When I was learning about this, I had to go all the way back to understanding how tubes actually, physically work for this to make sense. That may benefit you as well. Uncle Doug's videos are very good: https://www.youtube.com/watch?v=x5SSKX74DKg
BobL wrote: Mon Feb 15, 2021 6:15 pm This is the 19.66V on the cathode in Aaron's schematic?
Correct, when referring to cathode voltage, that is specifically the voltage difference between the cathode pin of the tube and ground.
Aaron measured 19.66V between pin 8 and ground.
BobL wrote: Mon Feb 15, 2021 6:15 pm here is my understanding: the cathode is the negative, so flow would be from the cathode, across the grid, to the plate, so current is flowing up through the cathode resistor into the tube, as I understand it, and the cathode cap is boosting gain - so is the 20V we are protecting things from on the other end of that ground?
Technically that is true, electrons are literally flowing from the cathode to the plate, through the control grid. But be careful; what you're describing is called "electron flow", and is generally backwards from how we think of the directionality of electricity. We usually work in "conventional flow" which is that electricity flows from positive to negative. In a more physical sense, with think of the "holes" left by the movement of electrons, rather than the electrons themselves. I would also caution you to thinking of things as negative and positive in an absolute sense. Negative and positive only exist in relation to something else. This is why you'll often see the phrase "with respect to", meaning when compared to, or in relation to. Nothing is negative or positive by itself. So yes, the cathode is negative with respect to the plate, but concurrently positive with respect to the control grid (generally). Why that is necessary for the tube to not self-destruct is a good question for which to seek an answer :)
BobL wrote: Mon Feb 15, 2021 6:15 pm As I understand it, I can keep my current heater wiring all tube based without causing actual problems - in this chassis, I just don't think I have the physical space for the bridge rectifier.
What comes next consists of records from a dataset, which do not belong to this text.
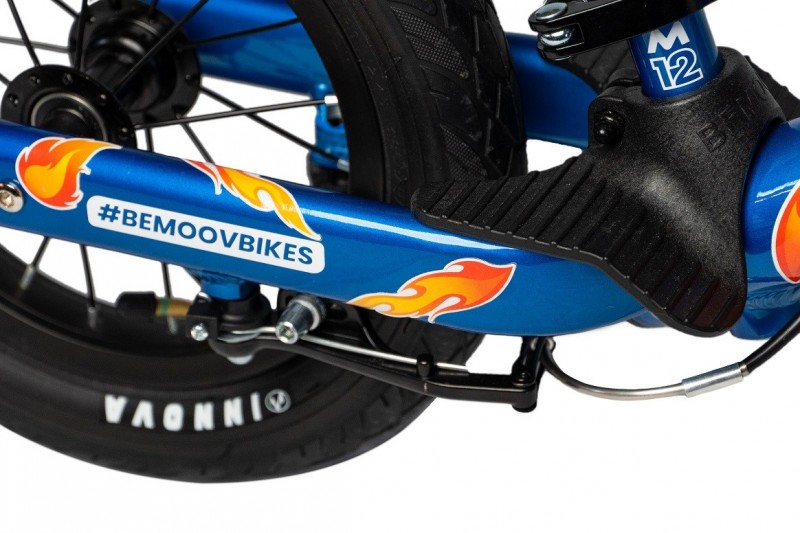 Buy the famous BEMOOV stickers flames for your bike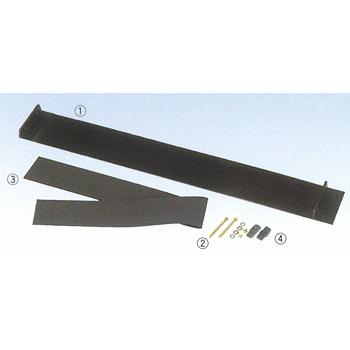TACパイプA型(無孔管) Mシート継手 TPA350用 ナガセルータック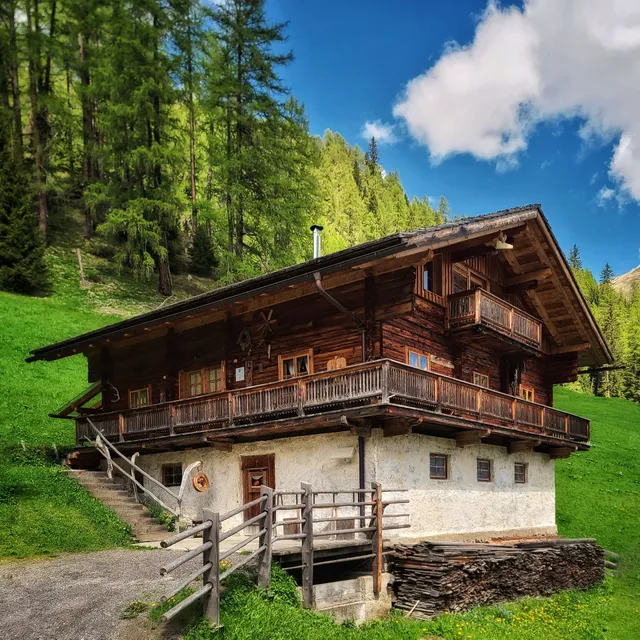 Almhütte Oberschaller | Alfenalm - Ferienwohnungen am Berg | Villgratental | Osttirol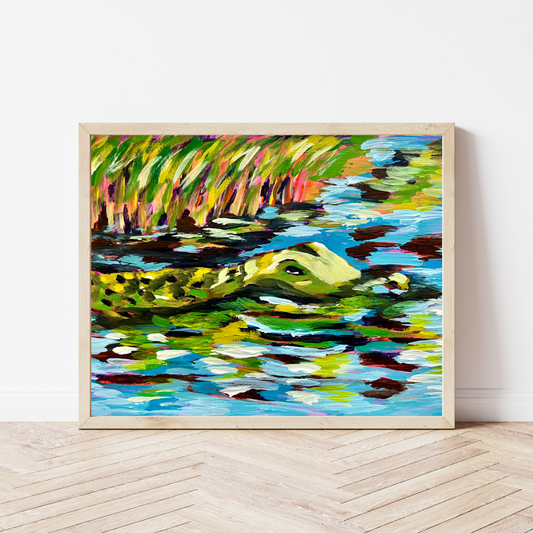 "CYA Later" Art Print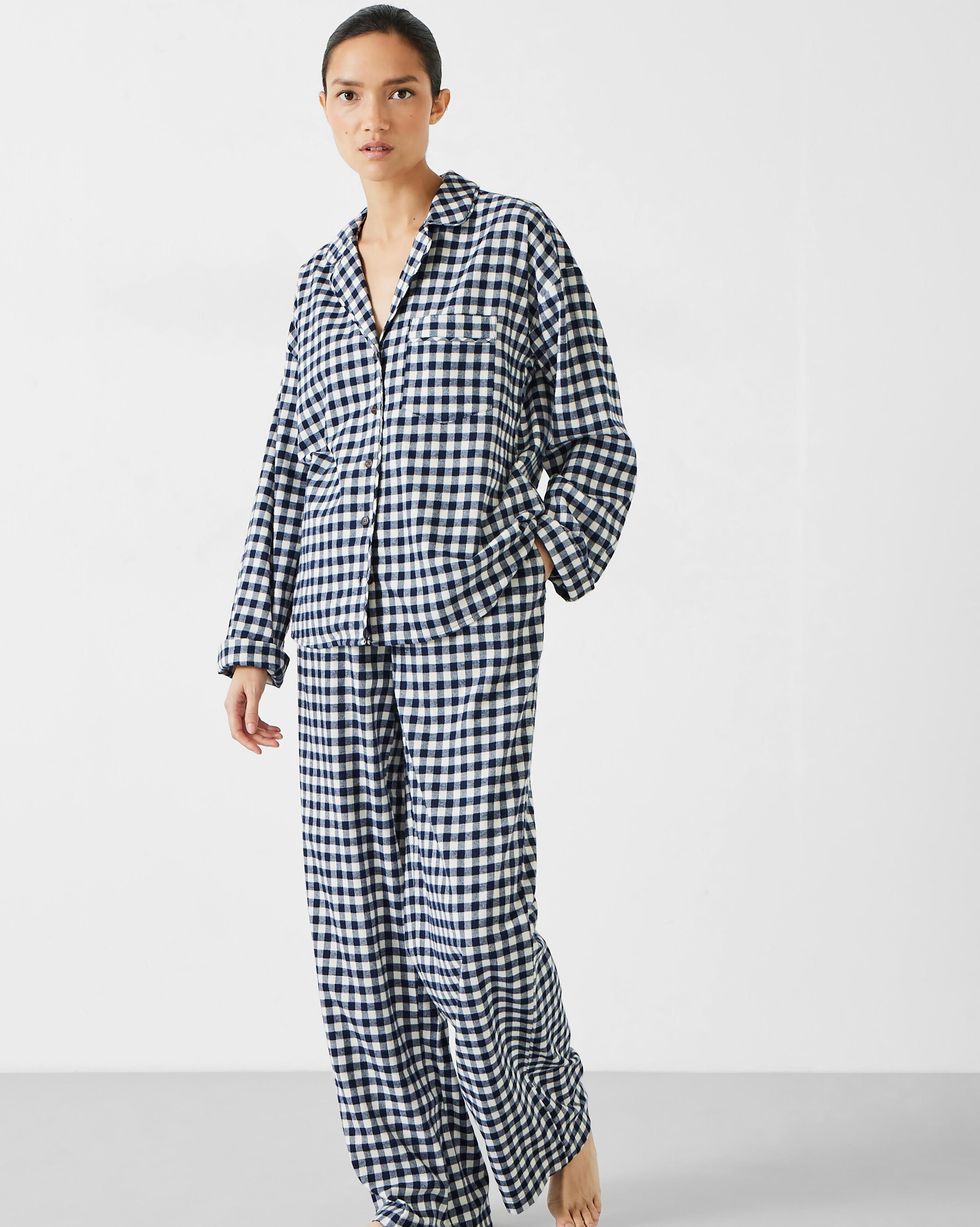 Julia Brushed Cotton Pyjamas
I'm curious what the advantages might be to DC filaments on the preamp tubes?
Don't think of heaters as being "tube based" or "solid state based", the real distinction here is whether the heaters are being rectified into direct current(DC) or staying alternating current(AC), as is would be straight from the secondary of the power transformer. Theoretically rectifying the heaters to DC can reduce noise and heater hum in the amp. This can be very useful for high gain amps (Soldano is a famous user of DC heaters) where that hum induced on an early preamp stage would be amplified several times over cascading gain stages. But, AC heaters have been used for tube preamps for nearly a century without much fuss. For an amp like the monarch, with only a couple preamp stages, DC heaters seems like overkill.
BobL wrote: Mon Feb 15, 2021 6:15 pm That sounds like 'use your ears'...
You could use an oscilloscope, maybe even a DMM. For my build, I just set the pot at noon, and haven't seen much reason to move it.
BobL wrote: Mon Feb 15, 2021 6:15 pm EDIT: Looks like the tubes would be dissipating 12.4W? If I used 6V6GTs and had higher B+ voltage, everything goes up, I maybe have more gain, but theoretically things would work, yeah?
Correct, 12.4W dissipation for a 14W tube. The interesting bit here is that setting the bias for 100% dissipation is the boutique standard for cathode bias, and in fact even higher in some cases. People really like to run 6V6 hot.
I'd recommend having a look at other 6V6 designs and seeing what they're doing for screen and cathode resistors. There are ways to calculate (or at least ballpark) those things before the fact, but I think that's a journey for another project.